Northern California

An Escrow is money, property, a deed, or a bond put into the custody of a third party for delivery to a grantee only after the fulfillment of the conditions specified.

An Earnest Money deposit is the amount the Buyer gives the escrow company at the time the escrow is opened.  This amount is negotiable and is usually somewhere between $1,000 and 1% of the purchase price.  Escrow should be opened as soon as possible after a contract is agreed to and signed by all parties.

The Real Estate Settlement Procedures Act (RESPA) states that title and escrow company(ies) are the choice of the Buyer, unless the Seller agrees to pay the fees.

(Handout:  United State Code: Title 12 states that “(a) No seller of property that will be purchased with the assistance of a federally related mortgage loan shall require directly or indirectly, as a condition to selling the property, that title insurance covering the property be purchased by the buyer from any particular title company. (b) Any seller who violates the provisions of subsection (a) of this section shall be liable to the buyer in an amount equal to three times all charges made for such title insurance.” )

Both the time frames for the opening of escrow and the closing of escrow are agreed to in the contract. Escrow should be “opened” as soon as possible after a contract is agreed to and signed by all parties.  The length of time an escrow is open depends on several things.  Some of these are the buyer and seller moving dates, availability of inspectors and repairmen, availability of the appraiser.  But the most important of these is the time the lender needs to qualify the buyer, approve the property, type up the loan documents and actually fund the loan.  Escrow is “closed” when the deed is transfer into the name of the buyer and the seller receives the purchase money.

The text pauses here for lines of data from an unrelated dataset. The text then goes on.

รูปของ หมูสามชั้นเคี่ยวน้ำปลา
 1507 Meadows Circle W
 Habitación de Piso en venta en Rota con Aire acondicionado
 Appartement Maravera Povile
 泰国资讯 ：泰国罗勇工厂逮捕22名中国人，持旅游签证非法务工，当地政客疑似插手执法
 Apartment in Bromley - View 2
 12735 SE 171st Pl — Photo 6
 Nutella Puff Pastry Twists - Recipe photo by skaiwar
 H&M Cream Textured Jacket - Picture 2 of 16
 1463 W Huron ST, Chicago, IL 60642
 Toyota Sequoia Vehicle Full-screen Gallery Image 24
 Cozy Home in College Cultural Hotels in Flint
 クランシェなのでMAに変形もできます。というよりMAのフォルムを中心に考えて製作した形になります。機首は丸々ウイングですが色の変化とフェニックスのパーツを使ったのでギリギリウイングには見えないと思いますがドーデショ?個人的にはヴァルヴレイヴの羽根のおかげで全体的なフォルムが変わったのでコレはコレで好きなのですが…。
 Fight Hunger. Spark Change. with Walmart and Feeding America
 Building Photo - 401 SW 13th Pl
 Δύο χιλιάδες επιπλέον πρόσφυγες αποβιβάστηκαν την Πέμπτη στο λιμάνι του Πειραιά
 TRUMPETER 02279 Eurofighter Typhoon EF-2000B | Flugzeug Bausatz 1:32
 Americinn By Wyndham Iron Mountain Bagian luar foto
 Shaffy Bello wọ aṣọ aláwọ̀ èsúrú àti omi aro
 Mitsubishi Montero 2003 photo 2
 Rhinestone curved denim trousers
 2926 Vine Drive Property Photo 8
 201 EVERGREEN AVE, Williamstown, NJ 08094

A transfer of the ownership of real property involves not only the preparation of necessary documents but also an examination and interpretation of public records for matters affecting that property in order to ascertain rights, interest, and liens of others.  A policy of title insurance is an insured statement of the condition of the title of a particular piece of property.  The policy shows who owns the land according to the public records and also what is recorded against the property in the way of taxes, mortgages, deeds of trust, and any other liens and encumbrances of record.  The title policy is a policy of indemnity since the title insurance company is insuring against loss in the event that its interpretation of the condition of title is incorrect.  The beneficiary of the insurance is either the buyer of the property or the lender, or both.  Before issuing a policy, a title insurance company will perform an extensive search of the relevant public records to determine an any individual, other than the seller, including government entities, has any right, lien, claim, or encumbrance which must be taken into account.  A general misconception is that title insurance covers everything.  There are many exceptions.  The most common is probably that the plat map is an indicator of the location of the boundary lines.

The interaction between the title and escrow companies depends on which county in California the property is located.  In Northern California it is more common that the title company is an invisible arm of the escrow company.  If that is the case, the escrow officer will request a preliminary title report from the title department for you.  That may not be the case in other areas of California.

The Buyer signs loan and escrow documents about one week prior to close of escrow.  This amount of time is needed so that the loan underwriter can check that the documents are correct and get the funds to the escrow company.  All documents must be signed and all funds must be in the escrow account the day before escrow closes (there are rare exceptions to this).